Midsize IT cos like KPIT, LTTS set to bag big deals
It’s expected to improve their market share at a time digital deals are on hold; Indian IT firms have been cornering a major share of large deals since 2020
- Enterprises also outsourcing large deals in specific domains
- Mid-tier firms with specific capabilities better-placed to win such
- Deal sizes getting smaller as clients go slow on decision-making
- LTIMindtree, Tech M, Coforge also potential winners
Bengaluru: Not only large IT services companies, but also mid-tier Indian IT firms with specific capabilities are likely to improve their market share in the ongoing slowdown in the technology world.

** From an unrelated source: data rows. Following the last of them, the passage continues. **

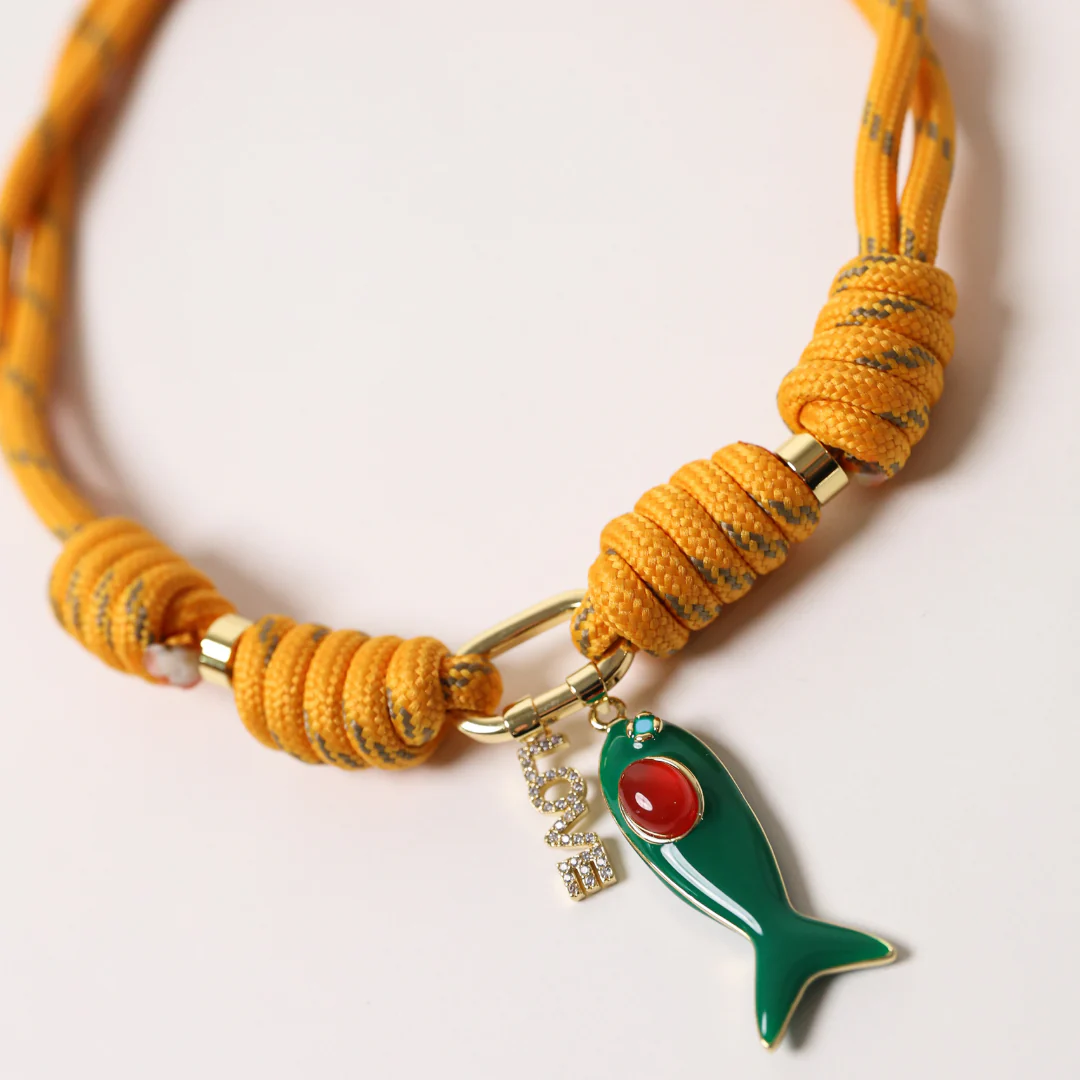 POP UPS X HANNAH B BOAT ROPE MUSTARD NECKLACE WITH GREEN ENAMEL FISH & LOVE - Image 3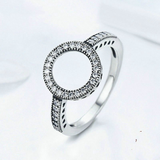 2Ct Round Cut Diamond Unique Circular Halo Engagement Ring 14K White Gold Finish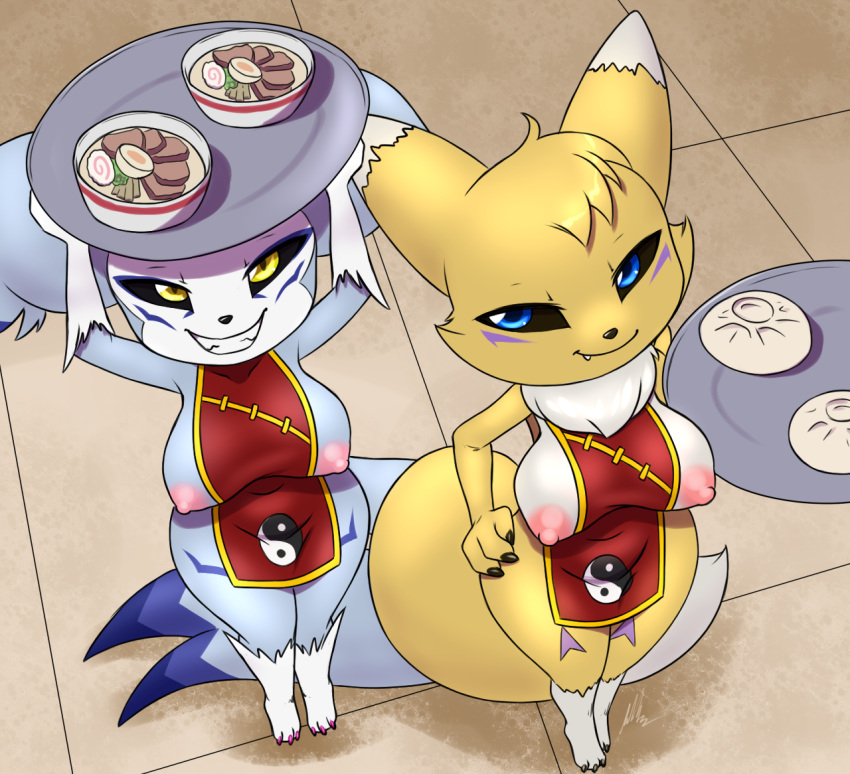 arms_above_head asian_clothing bandai_namco breasts chinese_clothing clothed clothing cute_fangs dark_sclera digimon digimon_(species) dumplings duo east_asian_clothing facial_markings female floor food furball_(artist) garurumon grin hand_on_hip head_markings holding_food holding_object hybrid impmon jeina_garurimpmon_(character) looking_up markings neck_tuft noodles platter ramen renamon short_stack skimpy smile smirk tile tile_floor tuft yakizu_asaki yin_yang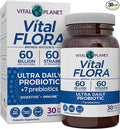 Vital Planet - Vital Flora Ultra Daily Probiotic 60 Billion CFU Diverse Strains Organic Prebiotics Immune Support Bloating Relief Digestive Health Probiotics for Women and Men 30 Capsules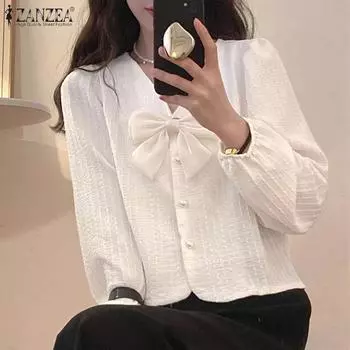 ZANZEA Женские рубашки с V-образным вырезом и длинным рукавом с завязками S розовый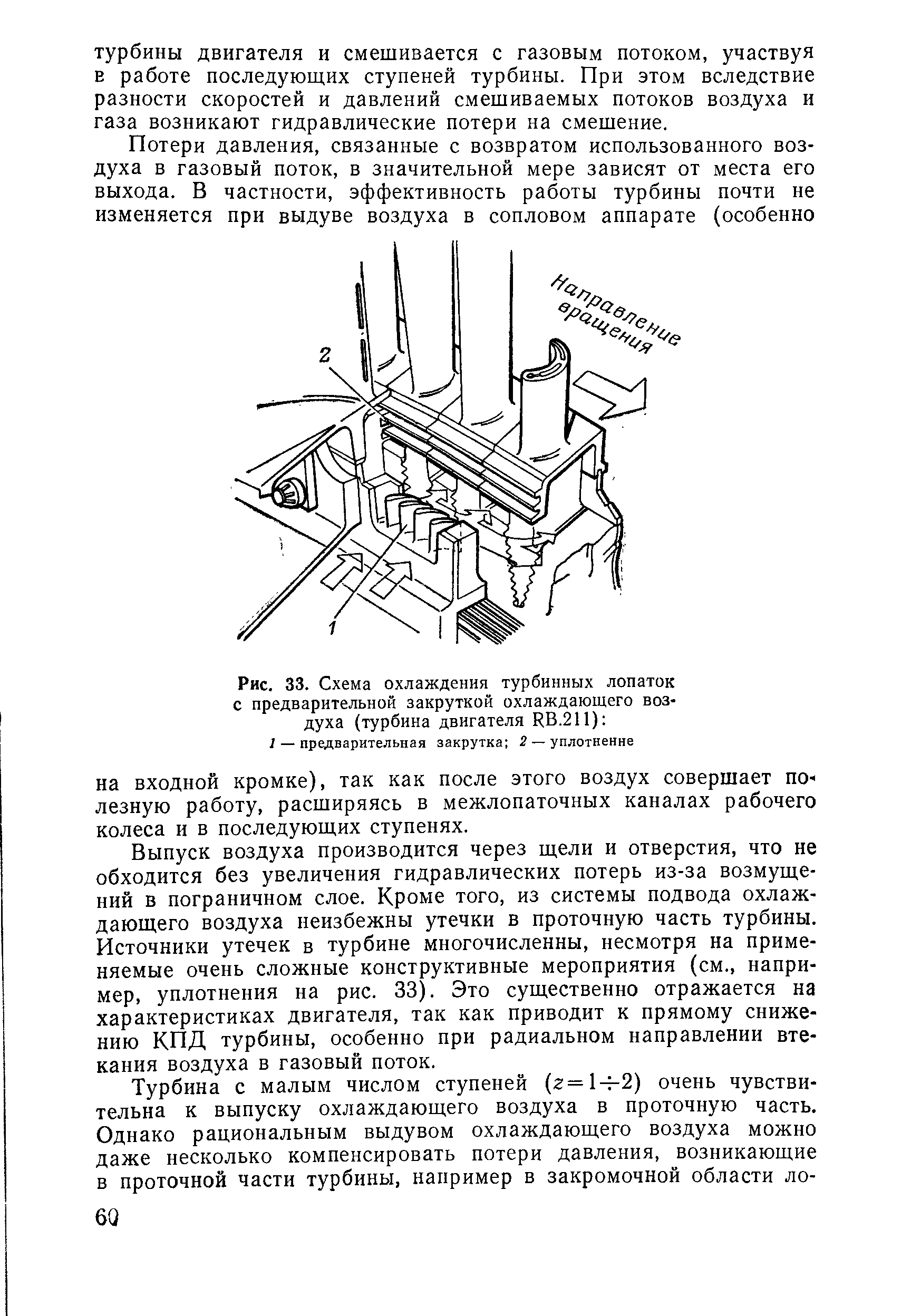 Рис. 33. Схема охлаждения турбинных лопаток с предварительной закруткой охлаждающего воздуха (турбина двигателя RB.211) 
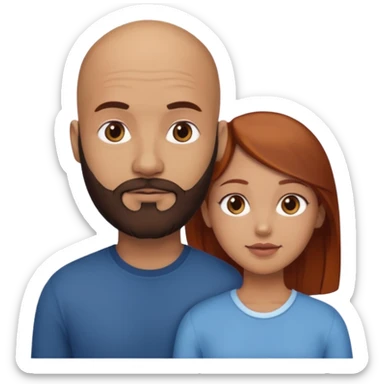 Couple. A bald man with dark brown beard and a girl with light skin. She is a redhead and has dark yellow brown auburn hair. Different skincolor. She has very light skin. sticker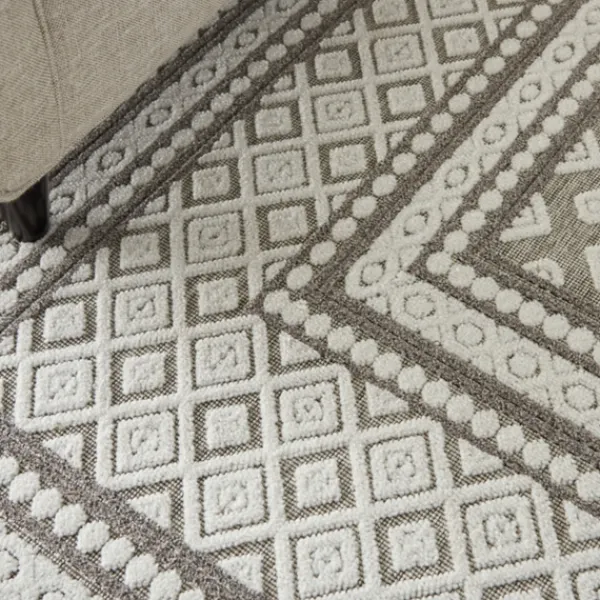 Outdoor Rugs-Kirkland's Home Light Gray Tile Motif Outdoor Area Rug, 5X7 Gray/White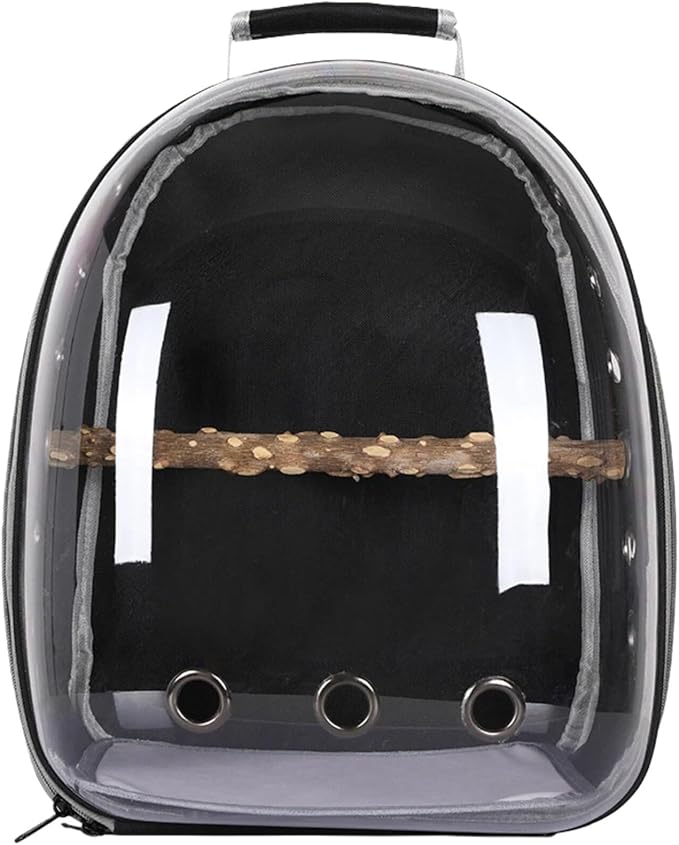 Bird Backpack, Lightweight and Breathable Outdoor Travel Backpack with 12 Breathable Holes, Wooden Pole, Adjustable Shoulder Strap for Birds and Pets (Black)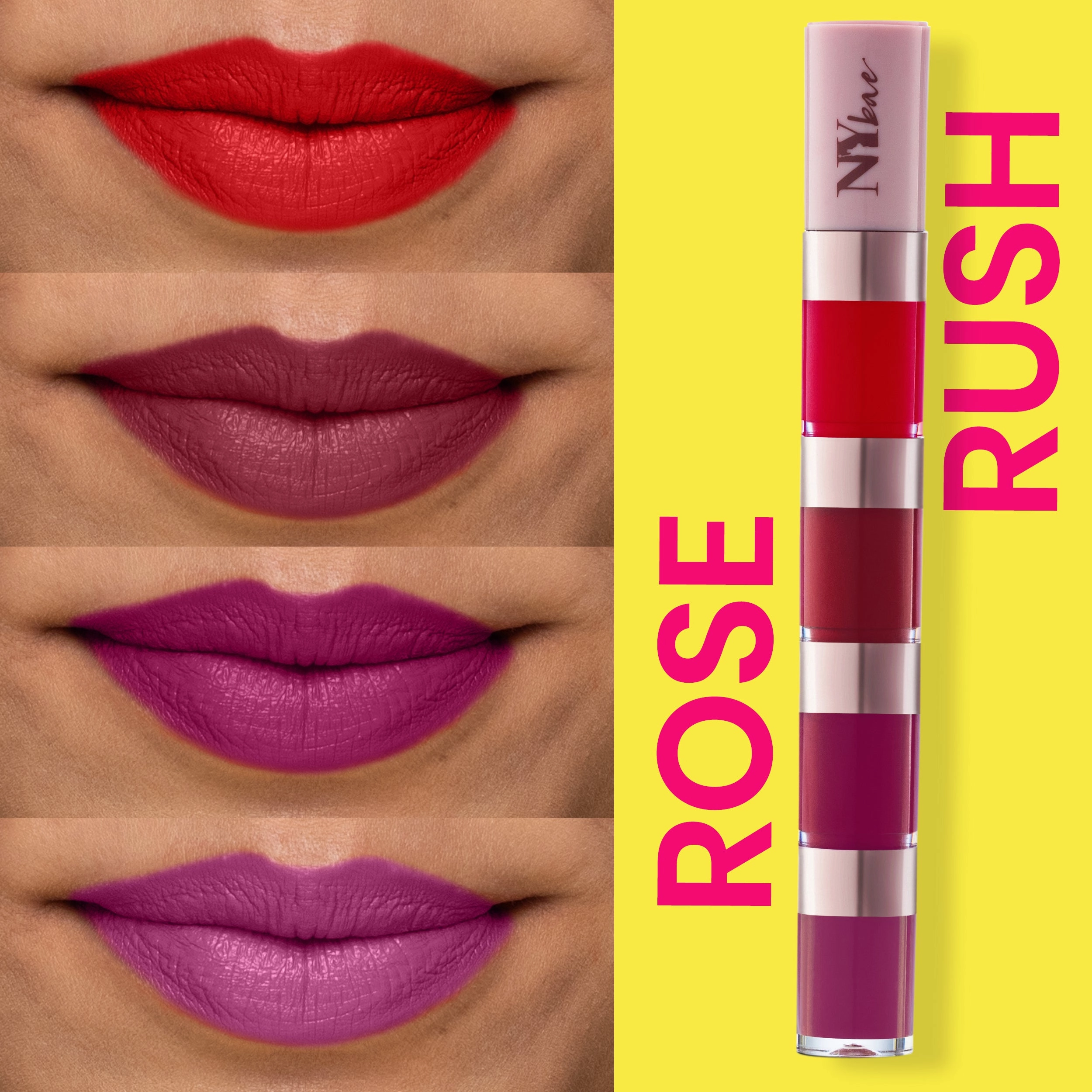 NY Bae 4IN1 Lip Play Liquid Lipstick - Rose Rush (4ml) | Matte Lips | Super Pigmented | Multi-Use | Maroon & Red Shades | Travel Kit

“Niche mid-tier service providers can also win large deals and increase market share in their areas. For instance, KPIT Technologies Ltd, L&T Technology Services (LTTS) have been winning large deals in engineering and increasing their market share in engineering services space,” Pareekh Jain, an outsourcing consultant and Founder of Pareekh Consulting, told Bizz Buzz.
Big Indian IT firms including TCS and Infosys are already winning several large deals, which are cost takeout in nature. As enterprises are looking for saving cost on technology spend, they are outsourcing large portion of work to big IT firms. This phenomenon usually plays out during a period of slowdown and clients consolidate their vendors.
Such trend puts mid-tier IT companies in a disadvantageous condition as large cost take out deals are bagged by big firms due to their capabilities across the multiple domains. However, industry experts are of the view that enterprises are also outsourcing large deals in specific domains for improving efficiency apart from cost savings. Such deals are coming in the way of mid-tier companies with specific expertise and domain knowledge.
Sources in the know said apart from KPIT and LTTS in the engineering services space, mid-tier firms like LTIMindtree, Tech Mahindra and Coforge are likely to bag large deals in BFSI (banking, financial services & insurance), and telecom verticals.
This is expected to improve their market share at a time when digital deals, which are discretionary in nature, are on hold. Indian IT firms have been cornering a major share of large deals coming to the market since 2020. At least half of the top global deals were bagged by Indian IT players during 2020-22 period.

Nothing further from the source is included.